25Want nog een klein moment – en dan is de gramschap voorbij en zal Mijn toorn zich richten op hún vernietiging.
26Dan zal de HEERE van de legermachten over hem de gesel zwaaien, zoals eens Midian is geslagen bij de rots Oreb. Zijn staf zal over de zee zijn en Hij zal hem opheffen, zoals Hij eens bij Egypte deed.

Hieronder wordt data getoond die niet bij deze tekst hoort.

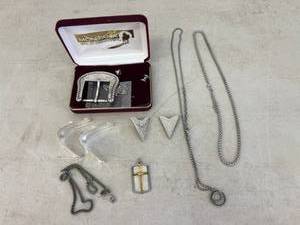 lot 120 image: Jewelry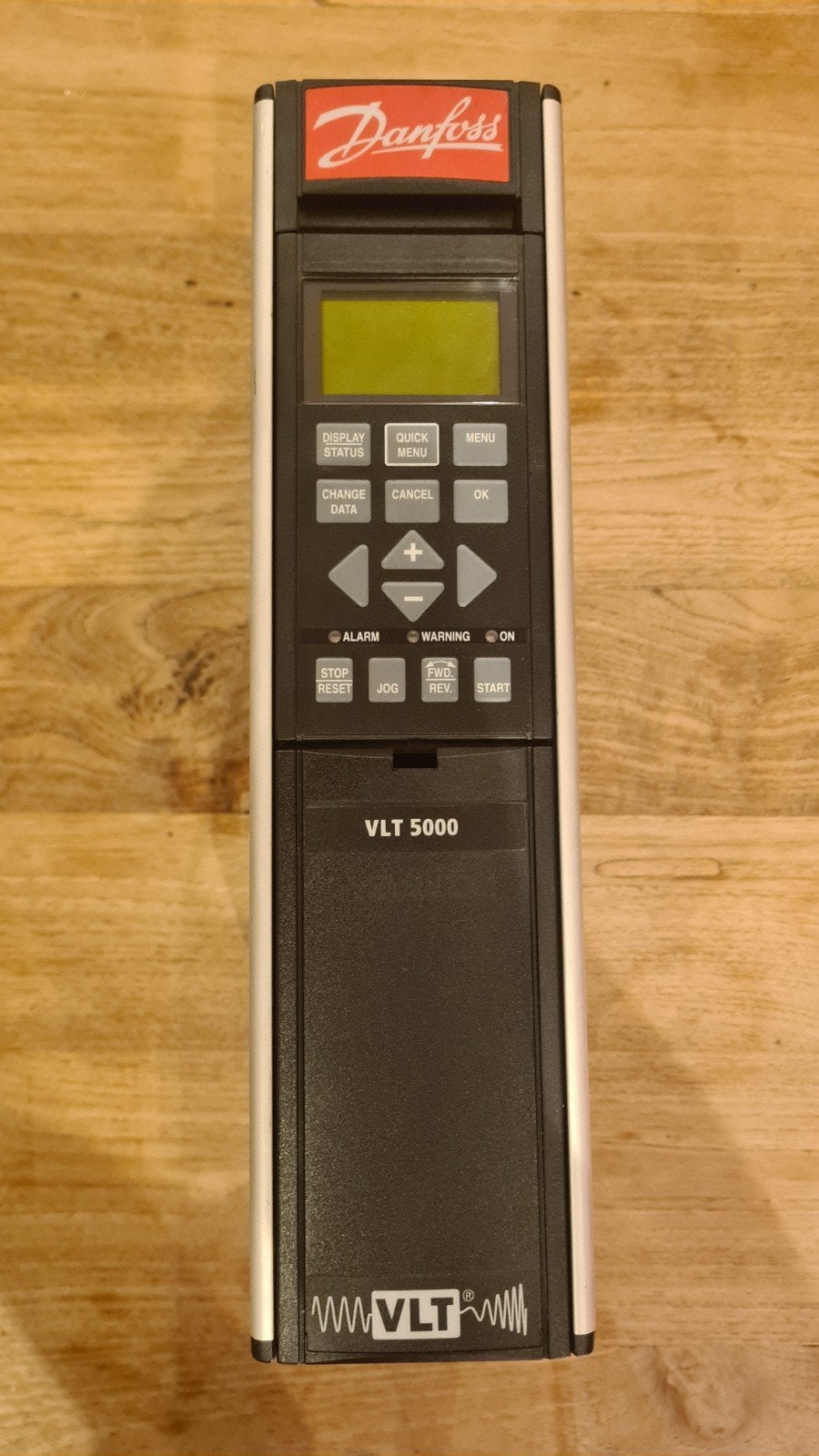 Danfoss VLT 5000 Frequentieregelaar VLT5002PT5B20STR3DLF00A0, Hobby en Vrije tijd, Elektronica-componenten, Ophalen of Verzenden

27Op die dag zal het gebeuren
dat zijn last van uw schouder zal afglijden
en zijn juk van uw hals; en dat juk zal te gronde gericht worden
omwille van de Gezalfde.
28Hij komt naar Ajath,
trekt Migron door,
te Michmas legt hij zijn uitrusting af.
29Dan trekken zij de bergpas door:
Geba is ons nachtkwartier!
Rama beeft;
Gibea, de stad van Saul, slaat op de vlucht.
30Gil het uit, dochter van Gallim!
Laïs, sla er acht op!
Arm Anathoth!
31Madmena vlucht,
de inwoners van Gebim brengen zich in veiligheid.
32Vandaag nog staat hij in Nob
en zwaait met zijn vuist tegen de berg van de dochter van Sion,
de heuvel van Jeruzalem.
33Zie, de Heere, de HEERE van de legermachten,
zal met geweld de takken afhouwen;
de statige woudreuzen zullen worden omgehakt,
en de hoge bomen neergeworpen.
34Hij zal het struikgewas in het woud wegkappen met het ijzer,
en de Libanon zal vallen door de Machtige.